WORK REQUEST: All of the data should be repeated exactly; pictures are not part of the copy.

THE DATA:
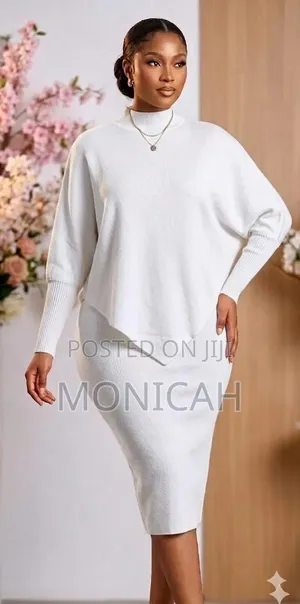 Elegant 2 Pieces Dresse Set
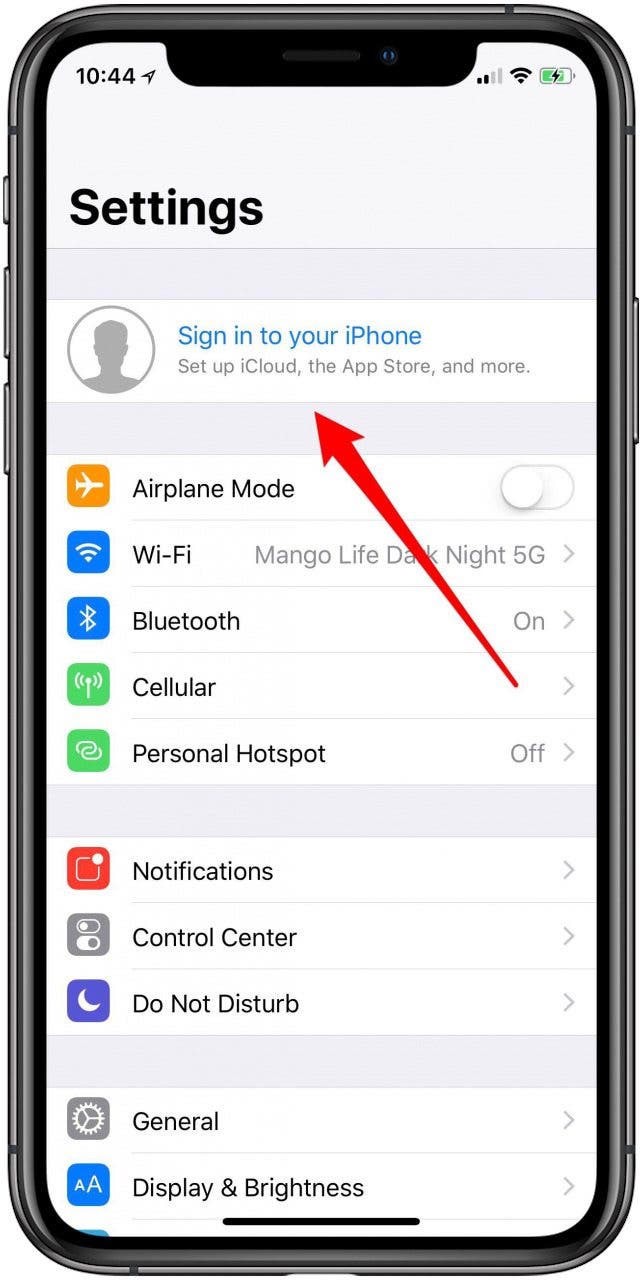 Что такое Apple ID на Айфоне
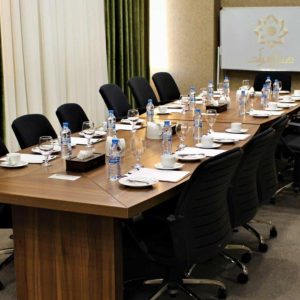 هتل مرآت مشهد اتاق جلسات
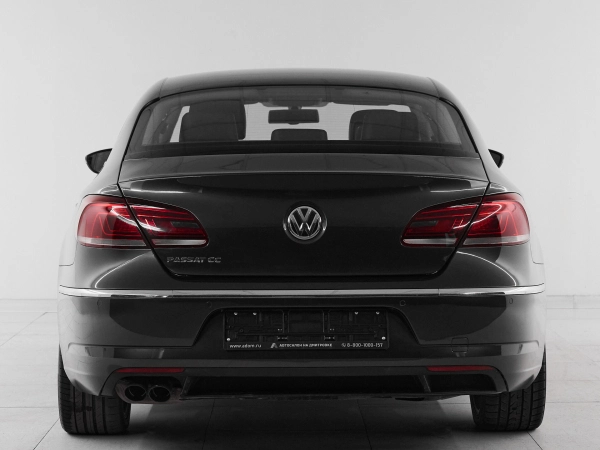 Volkswagen Passat CC, I Рестайлинг фото №5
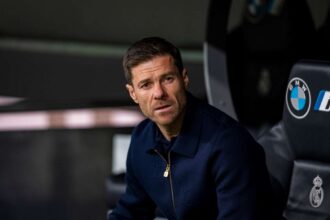 Xabi Alonso reakciot var a Real Madrid csapatatol a Celta Vigo ellen elszenvedett sokk vereseg utan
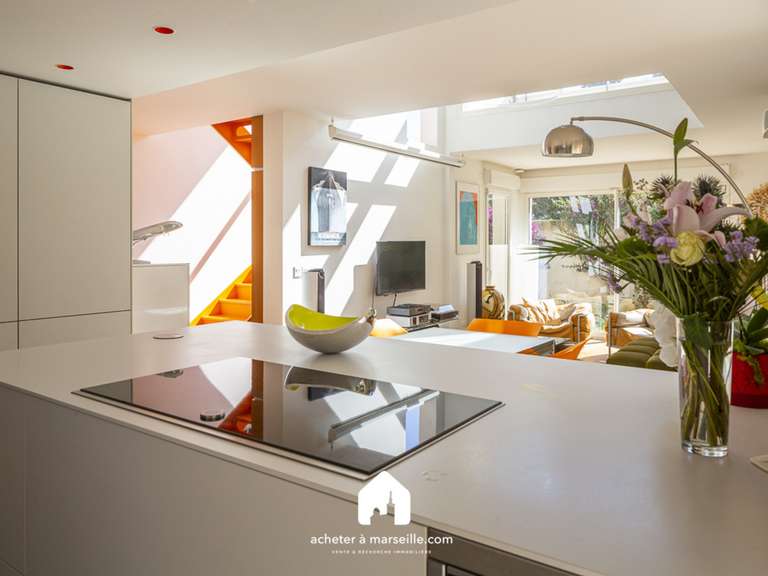 Villa Marseille 8e - 3 bedrooms - 120m²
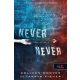 Never Never - Soha, de soha 2. /Never 2. (Colleen Hoover)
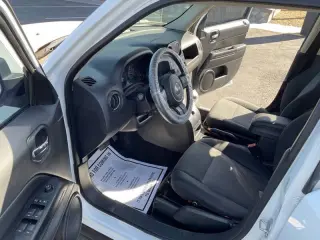 2013 Jeep Patriot Sport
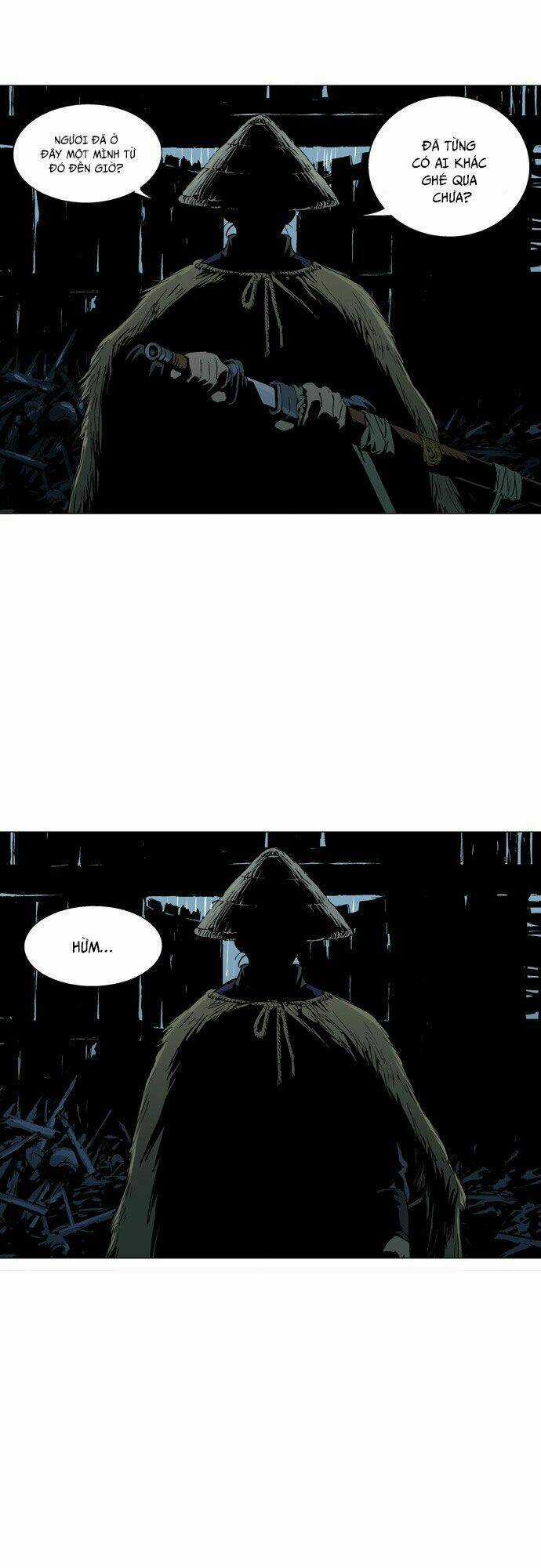 Gosu 2 Chapter 4 trang 9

ANSWER:
 Elegant 2 Pieces Dresse Set
 Что такое Apple ID на Айфоне
 هتل مرآت مشهد اتاق جلسات
 Volkswagen Passat CC, I Рестайлинг фото №5
 Xabi Alonso reakciot var a Real Madrid csapatatol a Celta Vigo ellen elszenvedett sokk vereseg utan
 Villa Marseille 8e - 3 bedrooms - 120m²
 Never Never - Soha, de soha 2. /Never 2. (Colleen Hoover)
 2013 Jeep Patriot Sport
 Gosu 2 Chapter 4 trang 9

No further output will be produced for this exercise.